# Exercise instructions
Below are the records. Retype exactly the lines between the lines holding "無邪気な白い仔猫 49222319" and "Altman Plants Deluxe", inclusive.

# Given entries
□ □ □ □ □

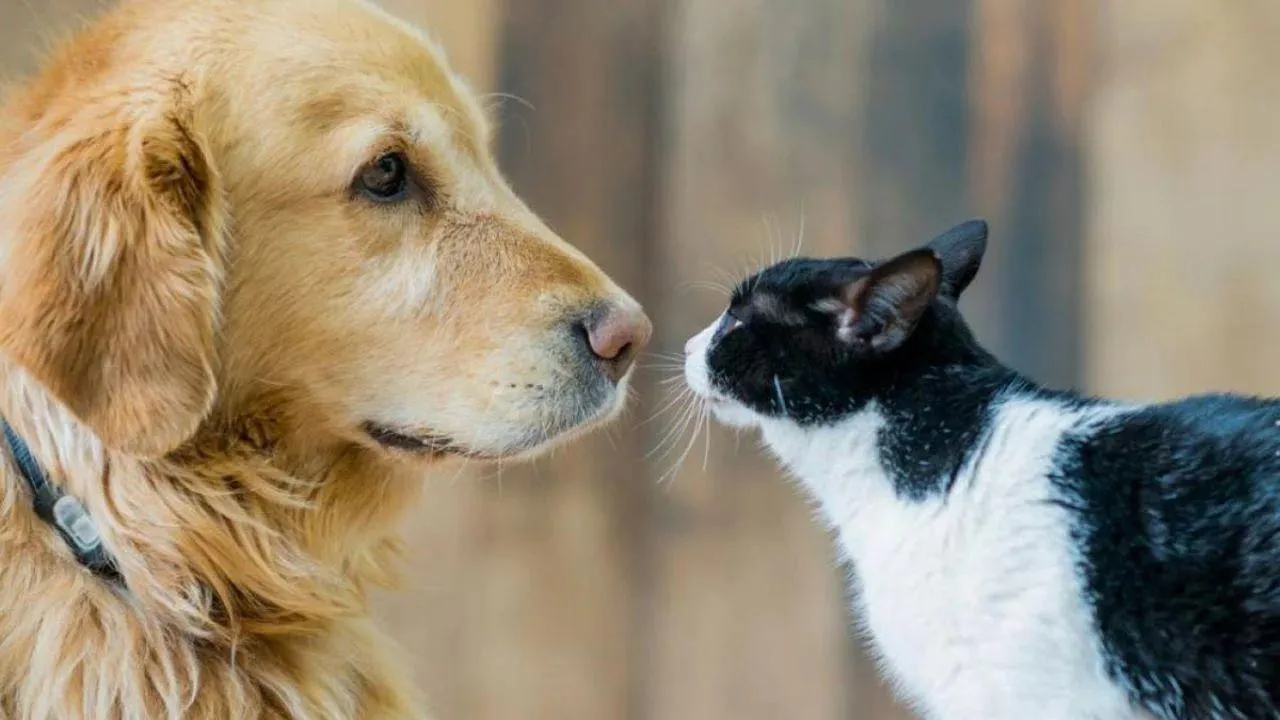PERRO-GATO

□ □ □ □ □

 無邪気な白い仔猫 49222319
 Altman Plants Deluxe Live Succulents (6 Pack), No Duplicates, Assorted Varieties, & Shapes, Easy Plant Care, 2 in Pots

□ □ □ □ □

# Output for this task
 無邪気な白い仔猫 49222319
 Altman Plants Deluxe Live Succulents (6 Pack), No Duplicates, Assorted Varieties, & Shapes, Easy Plant Care, 2 in Pots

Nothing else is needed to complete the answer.